**Problem details:**
A verbatim transcript of the data below is required, images omitted.

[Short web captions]
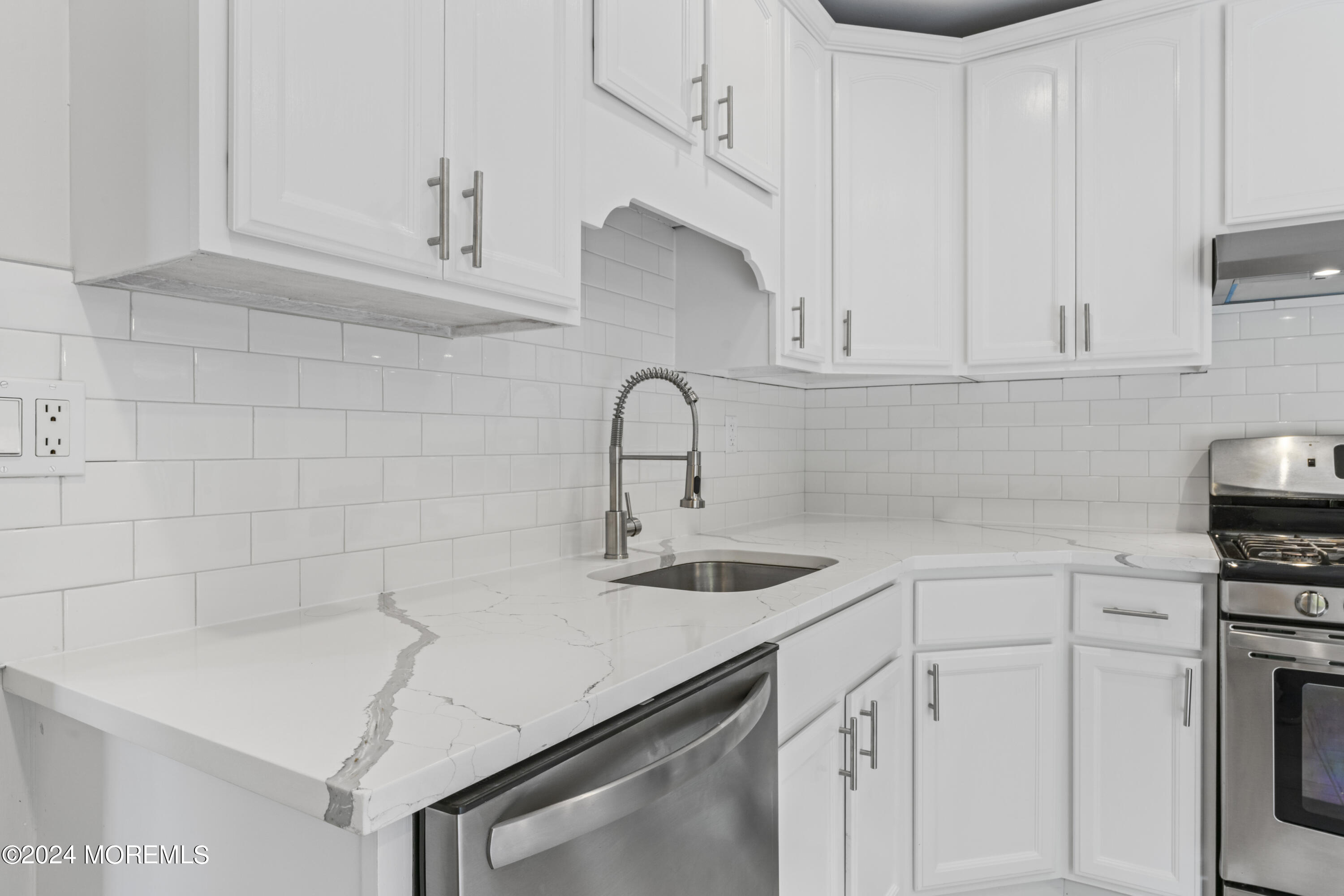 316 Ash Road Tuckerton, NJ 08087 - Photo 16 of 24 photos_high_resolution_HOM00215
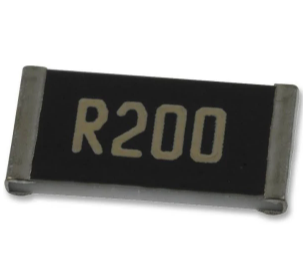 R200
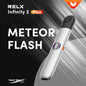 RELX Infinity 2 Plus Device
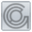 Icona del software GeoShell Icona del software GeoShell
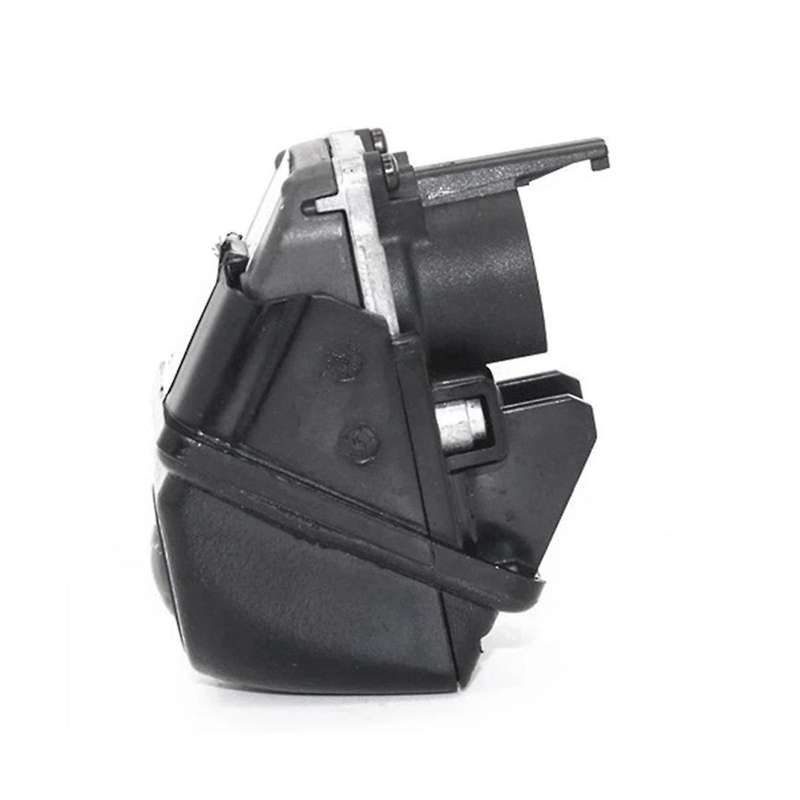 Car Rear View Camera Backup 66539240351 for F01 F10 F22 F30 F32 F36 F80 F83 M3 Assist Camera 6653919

**Answer for the task:**
 316 Ash Road Tuckerton, NJ 08087 - Photo 16 of 24 photos_high_resolution_HOM00215
 R200
 RELX Infinity 2 Plus Device
 Icona del software GeoShell Icona del software GeoShell
 Car Rear View Camera Backup 66539240351 for F01 F10 F22 F30 F32 F36 F80 F83 M3 Assist Camera 6653919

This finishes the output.